REPUBLIKA.CO.ID,JAKARTA Sekjen Partai Gerindra, Ahmad Muzani, menyatakan perhatian ekstra terhadap upaya penanganan pandemi Covid-19 bukan hanya menjadi tugas pemerintah, melainkan seluruh komponen masyarakat.

Apalagi menurut Muzani, Jakarta merupakan etalase bangsa Indonesia di dunia, sehingga upaya untuk memutus rantai penyebaran Covid-19 menjadi tanggung jawab semua pihak.

"Jakarta ini adalah halaman depan Indonesia sehingga masyarakat Jakarta harus kuat, sehat, dan Jakarta mobilitasnya sangat tinggi, kata dia saat meninjau langsung pelaksanaan vaksinasi yang diinisiasi oleh Tunas Indonesia Raya (TIDAR) DKI Jakarta di kantor Sekretariat PD Tidar DKI Jakarta, Jalan Sukabumi, Menteng, Jakarta Pusat, Jumat (20/8).

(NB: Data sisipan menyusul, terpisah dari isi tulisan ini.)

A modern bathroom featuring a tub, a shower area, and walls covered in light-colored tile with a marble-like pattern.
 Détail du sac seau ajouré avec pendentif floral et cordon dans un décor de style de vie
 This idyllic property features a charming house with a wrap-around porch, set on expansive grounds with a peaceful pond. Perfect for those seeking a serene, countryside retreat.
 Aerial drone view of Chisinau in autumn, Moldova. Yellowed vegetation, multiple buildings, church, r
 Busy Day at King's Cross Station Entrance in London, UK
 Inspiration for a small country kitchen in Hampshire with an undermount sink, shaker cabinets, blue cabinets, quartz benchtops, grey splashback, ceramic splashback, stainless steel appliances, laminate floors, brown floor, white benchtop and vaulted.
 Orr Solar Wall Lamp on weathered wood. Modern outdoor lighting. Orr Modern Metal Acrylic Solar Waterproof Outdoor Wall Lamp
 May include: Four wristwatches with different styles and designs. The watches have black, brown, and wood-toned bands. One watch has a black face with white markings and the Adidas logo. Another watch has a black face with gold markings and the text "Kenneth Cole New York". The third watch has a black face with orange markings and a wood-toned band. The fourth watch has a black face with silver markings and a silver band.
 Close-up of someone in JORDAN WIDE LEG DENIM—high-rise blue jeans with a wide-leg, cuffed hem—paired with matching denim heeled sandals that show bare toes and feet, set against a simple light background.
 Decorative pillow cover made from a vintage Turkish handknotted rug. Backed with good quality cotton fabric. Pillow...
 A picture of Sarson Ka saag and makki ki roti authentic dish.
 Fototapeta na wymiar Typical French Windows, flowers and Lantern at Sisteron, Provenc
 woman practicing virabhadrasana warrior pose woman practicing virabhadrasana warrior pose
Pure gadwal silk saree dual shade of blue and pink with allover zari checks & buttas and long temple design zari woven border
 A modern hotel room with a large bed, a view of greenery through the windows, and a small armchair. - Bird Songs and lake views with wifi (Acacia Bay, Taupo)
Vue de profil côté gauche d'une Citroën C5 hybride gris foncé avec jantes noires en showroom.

Dia menyebut, kemarin Jakarta juga menjadi satu epicentrum dari pandemi ini dan sekarang sudah mulai terkendali karena partisipasi dari semua pihak, itu berkat upaya pemerintah dan masyarakat dan semua komponen yang ada di Jakarta.

Ahmad Muzani turut didampingi Anggota Komisi X DPR RI Himatul Aliyah. Kegiatan vaksinasi yang digelar organisasi sayap Partai Gerindra tersebut hasil dari kerjasama dengan Kodam Jaya dan Puskesmas Menteng yang berlangsung selama 4 hari mulai 16-20 Agustus 2021.

"Saya mengapresiasi anak-anak muda di TIDAR yang turut membantu pelaksanaan vaksinasi sebagai upaya kita bersama-sama pemerintah untuk menekan penyebaran Covid-19," kata Wakil Ketua MPR itu.

Dia mengatakan, yang dilakukan TIDAR ini adalah bagian dari partisipasi masyarakat. Dan ini bagian yang kita dorong untuk terus dilakukan agar semua kekuatan yang ada di masyarakat ikut bersama sama pemerintah menangani persoalan ini.

Meskipun berat tapi kalau kita lakukan bareng-bareng semua pasti akan terasa lebih ringan dari beban yang berat itu," imbuh Muzani yang juga Ketua Fraksi Gerindra di DPR RI itu.

Sementara itu Ketua Tidar DKI Jakarta, Nur Ali Prayoga, mengatakan kuota vaksin yang disediakan awalnya 1.000 dosis. Namun karena antusiasme warga sangat tinggi, sehingga dosis vaksin ditambahkan hingga mencapai 2.000 lebih.

Saya selaku ketua juga ingin mengucapkan terima kasih yang sebesar-besarnya atas keterlibatan pihak terkait, yang tidak bisa saya sebutkan satu persatu tanpa mengurangi rasa hormat, kata Prayoga.